Content starts
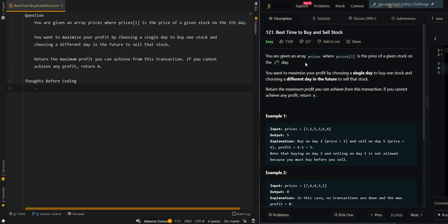In this video we'll be going over the best time to buy and sell stock. You're given an array prices, where prices[i] is the price of a given stock on the ith day. You want to maximize your profit by choosing a single day to buy one stock and choosing a different day in the future to sell that stock.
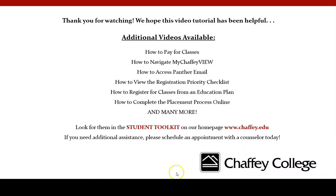Thank you for watching. You can find additional tutorials within the Student Toolkit on the Chafee home page.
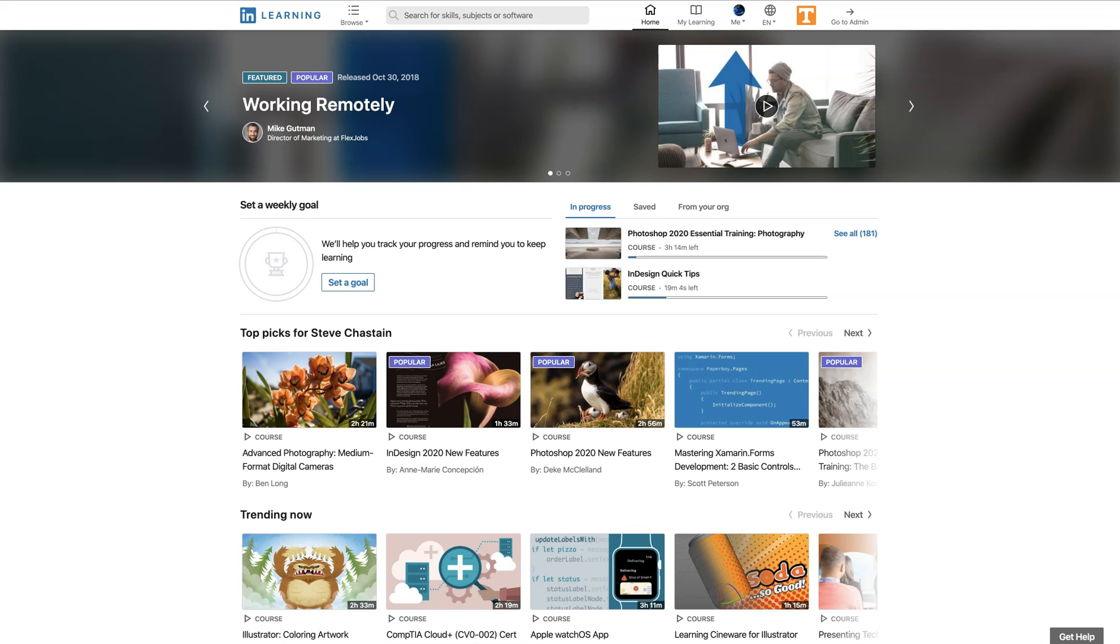The question has been asked, how can I download a LinkedIn Learning video to use when I don't have an internet connection? That's not too hard. Let's take you there.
Content ends
*TASK REQUIREMENTS:*
When copying the listing, print each line exactly but leave out every picture.

*WRITTEN SOLUTION:*
In this video we'll be going over the best time to buy and sell stock. You're given an array prices, where prices[i] is the price of a given stock on the ith day. You want to maximize your profit by choosing a single day to buy one stock and choosing a different day in the future to sell that stock.
Thank you for watching. You can find additional tutorials within the Student Toolkit on the Chafee home page.
The question has been asked, how can I download a LinkedIn Learning video to use when I don't have an internet connection? That's not too hard. Let's take you there.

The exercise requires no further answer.